In order to maintain good user responsiveness, image conversion is performed in one or more background tasks. Hence, operation with smx is recommended for best performance.
Standards Compliance
smxMicroBrowser supports a subset of the HTML 4.01 standard. 57 tags are supported and 34 tags are not supported. The majority of unsupported tags contribute only inline physical style information. The effects of these can be emulated by supported tags. Exceptions to this are APPLET, OBJECT, PARAM, and BUTTON tags which represent major HTML features not yet supported.

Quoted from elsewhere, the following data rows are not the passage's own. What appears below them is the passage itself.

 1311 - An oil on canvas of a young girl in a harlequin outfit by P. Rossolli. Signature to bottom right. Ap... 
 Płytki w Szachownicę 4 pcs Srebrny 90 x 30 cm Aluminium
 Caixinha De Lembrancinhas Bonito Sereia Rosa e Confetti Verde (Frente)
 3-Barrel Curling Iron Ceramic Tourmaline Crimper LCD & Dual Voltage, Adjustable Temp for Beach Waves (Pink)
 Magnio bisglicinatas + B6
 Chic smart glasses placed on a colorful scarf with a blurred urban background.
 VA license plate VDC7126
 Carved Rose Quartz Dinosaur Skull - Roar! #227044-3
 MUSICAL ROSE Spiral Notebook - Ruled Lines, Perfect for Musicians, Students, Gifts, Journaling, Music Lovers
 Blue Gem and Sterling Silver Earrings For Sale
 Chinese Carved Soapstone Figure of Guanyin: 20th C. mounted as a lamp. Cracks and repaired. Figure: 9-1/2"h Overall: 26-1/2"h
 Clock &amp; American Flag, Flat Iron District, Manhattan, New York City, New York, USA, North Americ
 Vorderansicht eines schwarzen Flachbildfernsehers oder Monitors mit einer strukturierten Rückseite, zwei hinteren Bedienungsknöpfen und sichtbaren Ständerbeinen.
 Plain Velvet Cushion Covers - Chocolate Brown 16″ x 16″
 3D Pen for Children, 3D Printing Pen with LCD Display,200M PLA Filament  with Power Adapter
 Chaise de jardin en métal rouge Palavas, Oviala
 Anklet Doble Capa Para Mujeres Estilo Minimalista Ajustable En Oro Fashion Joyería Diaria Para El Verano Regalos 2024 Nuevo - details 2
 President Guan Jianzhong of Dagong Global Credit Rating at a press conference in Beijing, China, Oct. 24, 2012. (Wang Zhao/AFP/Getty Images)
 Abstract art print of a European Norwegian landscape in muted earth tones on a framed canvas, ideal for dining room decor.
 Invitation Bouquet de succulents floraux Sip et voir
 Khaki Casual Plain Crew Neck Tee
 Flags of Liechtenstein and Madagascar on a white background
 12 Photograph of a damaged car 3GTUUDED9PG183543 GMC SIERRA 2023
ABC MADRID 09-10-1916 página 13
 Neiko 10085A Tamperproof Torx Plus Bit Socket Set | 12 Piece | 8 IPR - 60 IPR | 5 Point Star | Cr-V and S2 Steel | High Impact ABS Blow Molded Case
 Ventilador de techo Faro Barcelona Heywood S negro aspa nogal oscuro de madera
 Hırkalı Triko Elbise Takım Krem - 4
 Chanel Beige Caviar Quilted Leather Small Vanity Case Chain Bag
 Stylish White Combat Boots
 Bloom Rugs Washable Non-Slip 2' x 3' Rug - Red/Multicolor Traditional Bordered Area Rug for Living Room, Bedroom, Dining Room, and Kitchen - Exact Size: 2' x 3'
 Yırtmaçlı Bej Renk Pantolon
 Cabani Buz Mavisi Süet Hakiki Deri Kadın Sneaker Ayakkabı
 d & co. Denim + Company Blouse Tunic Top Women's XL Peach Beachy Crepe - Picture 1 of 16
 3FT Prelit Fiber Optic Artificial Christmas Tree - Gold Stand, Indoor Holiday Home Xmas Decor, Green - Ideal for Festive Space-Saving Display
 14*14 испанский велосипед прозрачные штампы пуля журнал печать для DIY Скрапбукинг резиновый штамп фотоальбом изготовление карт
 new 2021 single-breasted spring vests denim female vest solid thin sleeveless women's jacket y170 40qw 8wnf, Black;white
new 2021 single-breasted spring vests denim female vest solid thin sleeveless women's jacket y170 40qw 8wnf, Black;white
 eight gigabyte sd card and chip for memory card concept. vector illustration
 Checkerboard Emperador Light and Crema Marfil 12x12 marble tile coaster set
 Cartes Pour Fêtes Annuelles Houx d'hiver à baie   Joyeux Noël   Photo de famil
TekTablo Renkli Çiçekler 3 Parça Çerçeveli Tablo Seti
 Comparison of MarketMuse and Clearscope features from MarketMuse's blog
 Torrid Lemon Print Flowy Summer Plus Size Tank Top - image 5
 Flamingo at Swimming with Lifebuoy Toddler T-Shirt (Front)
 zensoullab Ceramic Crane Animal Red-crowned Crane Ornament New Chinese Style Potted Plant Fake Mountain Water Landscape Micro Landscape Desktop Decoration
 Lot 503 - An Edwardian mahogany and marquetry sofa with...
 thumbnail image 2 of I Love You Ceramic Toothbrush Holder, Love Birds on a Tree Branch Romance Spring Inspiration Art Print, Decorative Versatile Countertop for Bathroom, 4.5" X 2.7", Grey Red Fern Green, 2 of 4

A subset of CSS level 1 is supported. smx MicroBrowser supports Javascript language version 1.4. Subsets of DOM level 1 and Explorer 5.0 DOM are supported. Contact us for more detailed compliance information.
Operation on the WWW
It is difficult to create a small browser, which is Internet capable. Common problems include hanging on non-compliant HTML (a frequent occurrence), terrible looking displays due to inadequate font selection and other problems, and lack of support for Javascript, CSS, cookies, and Unicode, used by most websites. smxMicroBrowser has done a good job of overcoming these problems during its six plus years of development as can be seen from its Windows demo.
Windows Demo
The smxMicroBrowser Windows demo can be downloaded from our website (www.smxrtos.com/demo). The demo uses Winsock to connect to the Internet. The text and graphics are displayed in a Windows window using PEG graphics primitives. This demo uses Windows only as a low-level pixel display device. Thus, on an embedded system the look and feel of the Browser will be very similar to this demo.
SSL
SSL (Secure Socket Layer) adds safety for connecting embedded devices to the Internet. It is available for the smxMicroBrowser and our MicroWeb server. It takes advantage of public or private public key infrastructure and certificate authority. SSL v2, SSL v3, and TLS v1 are supported.
¼ VGA
smxMicroBrowser works best on a full VGA, or better, display. However, we have customers using ¼ VGA displays. In general, this resolution with 16 colors will not produce high quality results for live web browsing. smxMicroBrowser offers a few options to improve display quality:
- Image scaling - permits more of the total page to fit in the viewing window.
- Customizable dithering - turn on or off to produce best result.
- Interface customization - allows turning off any element of the browser window such as scroll bars to increase viewing area.
WebC™ Graphical Interface
In addition to being used as a general-purpose web browser, the smxMicroBrowser can be used as a GUI, driven by HTML pages. It provides an interface for the application programmer to handle user interaction through the use of custom C function event handlers.
By implementing DOM (Document Object Model), WebC allows the application code and custom event handlers to manipulate the document data, including tag properties such as position, size, color, source URL, etc., as well as opening and closing multiple HTML display windows, and modifying the properties of existing ones. DOM is accessible through a simple, easy-to-use C API, and also through an object oriented C++ based interface for more advanced users.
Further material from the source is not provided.